- Directed by: Velcrow Ripper
- Written by: Velcrow Ripper
- Produced by: Cherilyn Hawrysh; Gerry Flahive;
- Starring: Krishna Aratna; Joan Baez; Sera Beak; Michael Beckwith;
- Cinematography: Velcrow Ripper
- Edited by: Velcrow Ripper
- Release date: 1 October 2008 (VIFF);
- Running time: 90 minutes
- Country: Canada
- Language: English

= Fierce Light =

Fierce Light: When Spirit Meets Action is a 2008 documentary film written and directed by Velcrow Ripper that focuses on spiritual activism.

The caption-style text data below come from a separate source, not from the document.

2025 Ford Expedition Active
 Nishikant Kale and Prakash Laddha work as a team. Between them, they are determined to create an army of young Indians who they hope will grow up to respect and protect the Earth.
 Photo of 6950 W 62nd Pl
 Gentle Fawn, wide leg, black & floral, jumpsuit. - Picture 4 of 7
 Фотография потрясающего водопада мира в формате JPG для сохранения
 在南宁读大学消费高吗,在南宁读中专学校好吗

Fueled by the belief that "another world" is possible, Ripper explores the stories of people who have turned to spiritual activism as a means to cope with personal and global crises.
The film contains interviews from Daryl Hannah, Thich Nhat Hanh, Desmond Tutu, Julia Butterfly Hill, Van Jones, Alice Walker, Joanna Macy, Noah Levine and John Lewis. Others featured include Michael Beckwith, Sera Beak, Ralph Nader among many others such as the original inspiration for the film, Brad Will.

The film is produced by the Fiercelight Films Inc. and the National Film Board of Canada and is distributed by Alive Mind. The United Kingdom distributor is Dogwoof Pictures.

==Awards==
Fierce Light was voted most popular Canadian film and the recipient of a special mention in the nonfiction feature category at the Vancouver International Film Festival.